The Principle of Mutual Trust in European Union Law
An Essential Principle Facing a Crisis of Values
According to the Court of Justice of the European Union, the legal structure of the European Union: ‘is based on the fundamental premiss that each Member State shares with all the other Member States, and recognises that they share with it, a set of common values on which the EU is founded, as stated in Article 2 TEU.’ Fundamental rights, the rule of law and democracy occupy a central place among these common values. The Court holds that this premiss ‘implies and justifies the existence of mutual trust between the Member States.’
However, for several years, the European Union has been suffering from a crisis of values. This crisis stems from the undermining of the values on which the European Union is supposedly based. Yet, references to mutual trust between Member States has never been more prevalent in the official discourse. Like the adage ‘there is never so much talk about water as in the desert,’ is the rise in popularity of mutual trust symptomatic of the climate of mistrust between the Member States?

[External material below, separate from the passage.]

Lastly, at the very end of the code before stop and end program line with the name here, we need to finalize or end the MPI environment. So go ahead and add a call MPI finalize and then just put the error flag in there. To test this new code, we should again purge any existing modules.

This book centres around this question, raised by the success of the principle of mutual trust at a time when the context betrays fundamental divisions between the Member States regarding the meaning of European integration and the values on which it is based.

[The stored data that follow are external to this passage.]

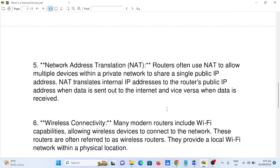Number five: Network Address Translation (NAT). Routers often use NAT to allow multiple devices within a private network to share a single public IP address. NAT translates internal IP addresses to the router's public IP address when data is sent out to the internet, and vice versa when data is received.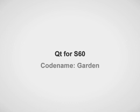Hi, this screencast will show you how to install and use the latest tech preview of Qt4S60, codename GARDEN.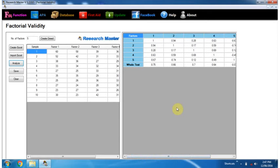These are correlation coefficients between factors. Save this table.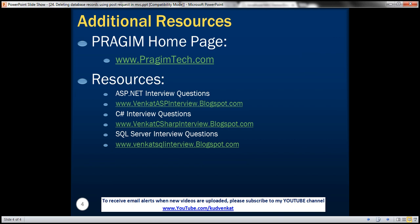On this slide you can find resources for ASP.NET C sharp and SQL Server interview questions. That's it for today. Thank you for listening. Have a great day.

To answer this question, the first part of the book seeks to clear the ground and to offer a cross-cutting definition of the principle of mutual trust in EU law, which applies both to internal market law and to the law of the area of freedom, security and justice. In this respect, the presumptive mechanism seems to offer the best description of the principle studied.
The second part of the book analyses the apparently consubstantial link between this principle and the founding values of the EU. In that regard, it appears that the common set of values has an ambivalent relationship with the principle of mutual trust, being both its normative basis and its imperfect limit.
The book closes with a third part analysing the essential role played by the principle of mutual trust in EU law at the intersection of the imperatives of unity, diversity and equality which drive European integration. Given the threats currently faced by the founding values of the EU, it argues in favour of moving mutual trust from the rank of postulate to that of method.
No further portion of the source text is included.